Medio muerto, o tres cuartos muerto, estoy llegando. “Venga coño, que queda un kilómetro”. No sé si eso lo dice mi cuñado o una voz interior. Supongo que mi cuñado, porque mi voz interior lleva mucho sólo quejándose y maldiciendo.
No vi a mujer ni a su hermana en meta, en ese momento no sentí orgullo, ni gloria…Lo único bueno que sentí al llegar fue alivio. Por fin se acababa el sufrimiento tras 4:52 minutos.
Recuerdo poco de la tarde de ese día. Sé que esté tumbado en el sofá hasta irme a la cama, sumido en una especie de inconsciencia provocada por el agotamiento. En el algún breve momento creo que se asomó a mi mente cierta alegría, pero se extinguía rápidamente.
Los días siguientes a pesar de soportar terribles sufrimientos, me fui sintiendo más satisfecho de lo que había logrado. Aunque mis piernas protestaban con intensidad mi mente se venía arriba. Recibí felicitaciones de mucha gente. A mucho de ellos les tuve que explicar que la distancia del maratón era 42 km y 195 metros. Siempre 42 kilómetros 195 metros. En Madrid, en Pekín y en Pokón.
Por supuesto puse mi logro en Facebook como era obligado. Y recibí entusiastas comentarios.
Todo iba bien, hasta que mi cuñado puso su crónica también en Facebook. Describía no sólo el maratón sino toda la preparación como algo hermoso. Algo de lo que había disfrutado, que le había hecho sentir y aprender. De verdad que parecía sincero. Hasta me emocionó el muy cabrito.
Yo no lo había vivido ni así ni parecido. Había tenido algún buen momento, pero en general, lo había sufrido como un duro castigo merecido por bocazas. Una obligación de la que había liberarse. Mientras que mi cuñado esperó el día del maratón con ilusión, para mí era la fecha en la que se ejecutaba mi sentencia.
No sé, aquello me dejó mal… me hizo ver que había hecho algo bonito, pero sin darme cuenta y por un motivo equivocado. Aunque más tarde pensé, que quizá realmente yo había vivido la maratón como la experiencia dolorosa y sin sentido que en realidad es, y sólo una mente degenerada lo percibe de otra manera.
Mi cuñado, en su crónica también añadía un prologando comentario sobre mí, lleno de halagos. Que sí yo no era consciente lo que había logrado. Que tenía un mérito extraordinario. Qué estaba claro que tenía condiciones y que, si entrenaba bien, haría tiempazos. Que era un campeón… Por un momento estuve a punto de creerme esas dulces palabras, pero pronto me di cuenta que me estaba lanzando el anzuelo. No iba a caer, no, no, no.

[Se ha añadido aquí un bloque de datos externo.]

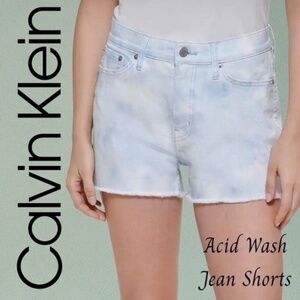 CALVIN KLEIN Acid-Wash Cutoff Raw Hem Denim Shorts NWT/Sz. 32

No contaba con mi astucia. 
Estuve una buena temporada sin correr, rechazando sin dudar, incluso con alegría, todas las invitaciones a “hacer un rodajito” de mi cuñado.

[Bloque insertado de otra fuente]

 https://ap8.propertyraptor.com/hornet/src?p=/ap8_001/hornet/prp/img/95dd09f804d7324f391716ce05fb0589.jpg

Pero un día, vi las zapatillas y me apeteció. Desde entonces lo hago con cierta regularidad. No sigo ningún plan, ni me planteo ningún objetivo. Aunque cuando me encuentra con ganas intento mejorar mis marcas en la vuelta al Retiro o corriendo diez kilómetros.

24 de Diciembre de 2015. Otra vez es Nochebuena, y mi cuñado me ha dicho que tiene que proponerme algo. A ver que tontería se le ha ocurrido esta vez. Lo tiene claro si piensa que me va a liar…”¿Maratón de Nueva York?” Coño, la verdad es que mola la idea.